In [2]:
import pandas as pd

data = pd.read_csv(r"C:\Users\saksh\Desktop\bank_transactions_data_2.csv")
print(data.columns)


Index(['TransactionID', 'AccountID', 'TransactionAmount', 'TransactionDate',
       'TransactionType', 'Location', 'DeviceID', 'IP Address', 'MerchantID',
       'Channel', 'CustomerAge', 'CustomerOccupation', 'TransactionDuration',
       'LoginAttempts', 'AccountBalance', 'PreviousTransactionDate'],
      dtype='object')


In [5]:
import pandas as pd
import numpy as np
from sklearn.preprocessing import StandardScaler, OneHotEncoder
from sklearn.compose import ColumnTransformer
from sklearn.pipeline import Pipeline
from sklearn.ensemble import IsolationForest
import joblib

# Load data
data = pd.read_csv(r"C:\Users\saksh\Desktop\bank_transactions_data_2.csv")

# Feature engineering
data['TransactionDate'] = pd.to_datetime(data['TransactionDate'])
data['PrevDate'] = pd.to_datetime(data['PreviousTransactionDate'])
data['tx_hour'] = data['TransactionDate'].dt.hour
data['tx_dayofweek'] = data['TransactionDate'].dt.dayofweek
data['time_since_prev'] = (data['TransactionDate'] - data['PrevDate']).dt.total_seconds().fillna(0)

# Features to use
numeric_features = ["TransactionAmount", "CustomerAge", "LoginAttempts", 
                    "AccountBalance", "TransactionDuration", 
                    "tx_hour", "tx_dayofweek", "time_since_prev"]

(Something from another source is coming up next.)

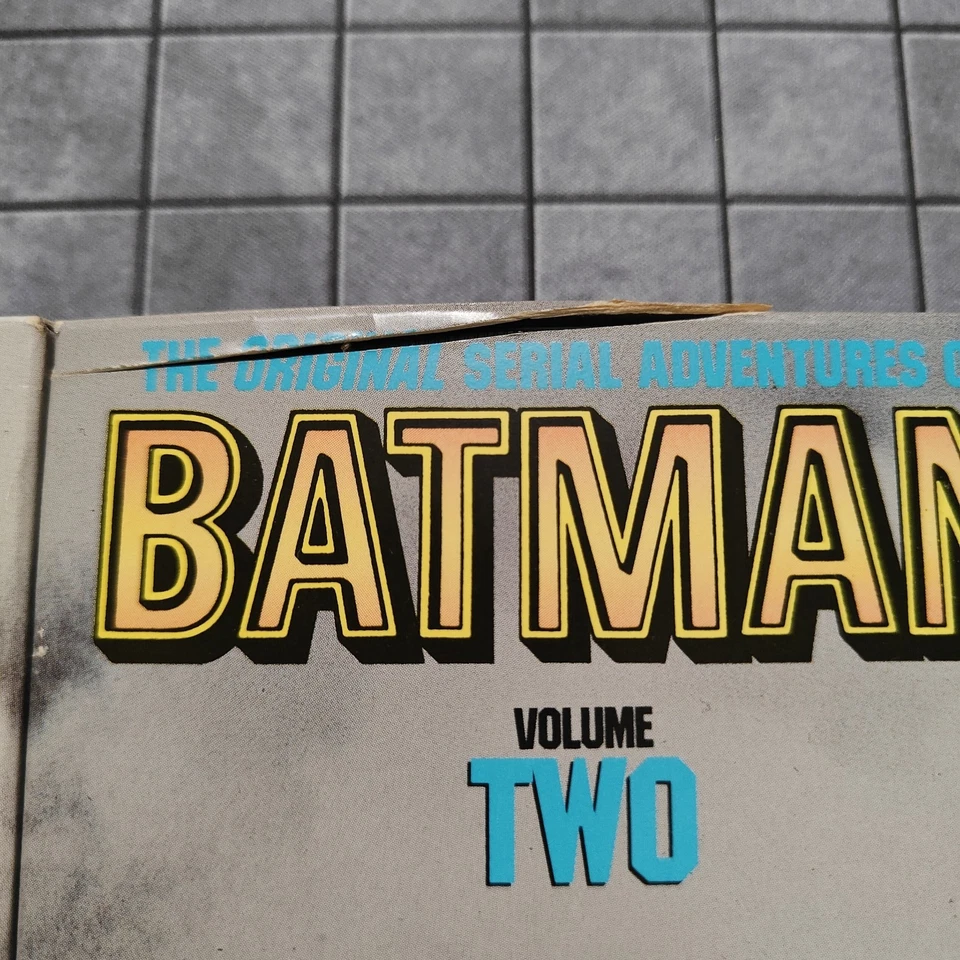 Batman Vol. 1 + 2 - Original TV Serial Series - B&W - (VHS, 1943) - EXCELLENT Foto 2 de 4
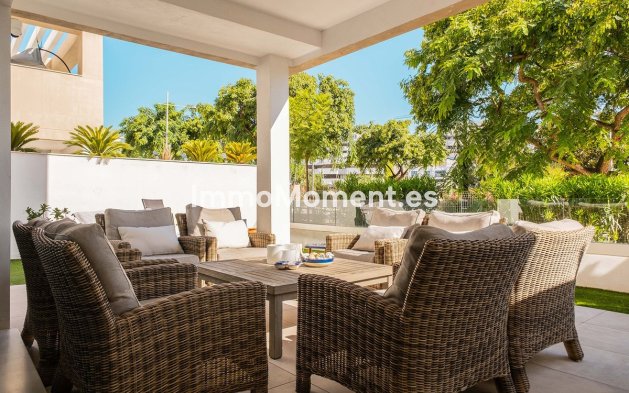 Revente - Appartement - Estepona  - Estepona Centro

categorical_features = ["TransactionType", "Location", "Channel", "CustomerOccupation"]

X = data[numeric_features + categorical_features]

# Preprocessing
preprocessor = ColumnTransformer(transformers=[
    ("num", StandardScaler(), numeric_features),
    ("cat", OneHotEncoder(handle_unknown="ignore", sparse_output=False), categorical_features)
])

# Build pipeline with Isolation Forest
clf = Pipeline(steps=[
    ("pre", preprocessor),
    ("iforest", IsolationForest(n_estimators=200, contamination=0.05, random_state=42))
])

# Train model
clf.fit(X)

# Predict anomalies (-1 = fraud, 1 = normal)
data['fraud_prediction'] = clf['iforest'].predict(clf['pre'].transform(X))
data['fraud_prediction'] = data['fraud_prediction'].map({1: 0, -1: 1})  # 1 = fraud, 0 = normal

# Save model
joblib.dump(clf, "unsupervised_upi_fraud_iforest.pkl")

# Save dataset with predictions
data.to_csv("bank_transactions_with_fraud_predictions.csv", index=False)

print("✅ Model trained and fraud predictions saved!")


✅ Model trained and fraud predictions saved!